● Activity:
Nothing outside the range is to be copied. From the entries below, reproduce exactly the lines starting at the one with "ランウェイキュアソール Mサイズ2足の通販 by みー shop｜ラクマ" and ending at the one with "Seat Arona 1.0", without pictures.

● Records shown:
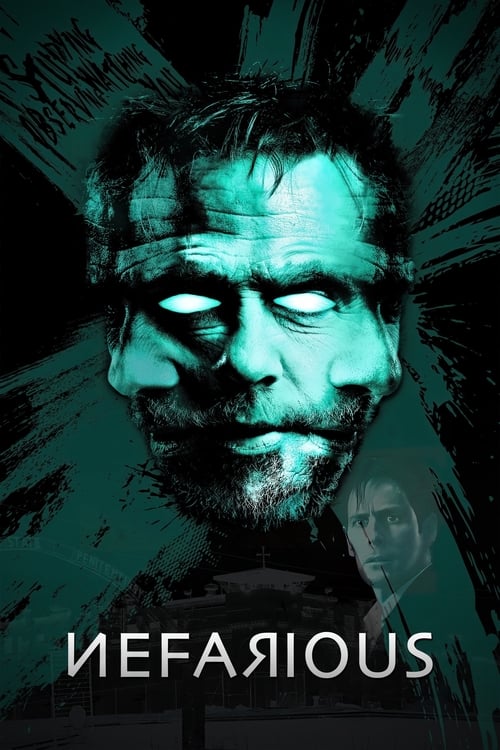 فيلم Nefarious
...
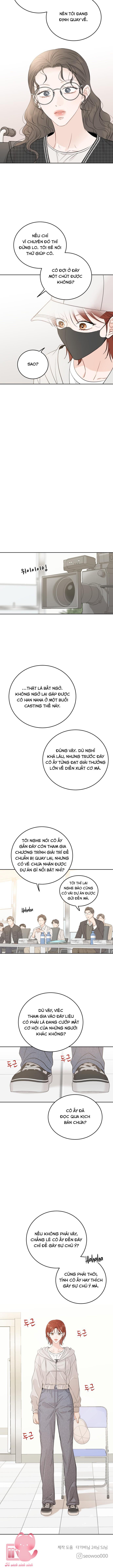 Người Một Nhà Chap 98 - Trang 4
* * *
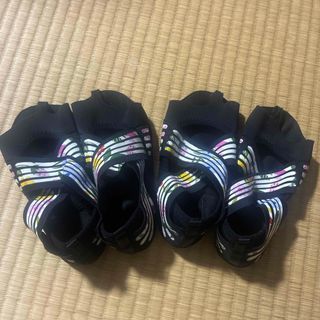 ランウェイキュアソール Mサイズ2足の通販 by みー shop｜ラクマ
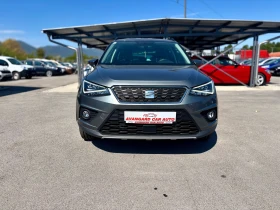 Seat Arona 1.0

● Exercise response:
 ランウェイキュアソール Mサイズ2足の通販 by みー shop｜ラクマ
 Seat Arona 1.0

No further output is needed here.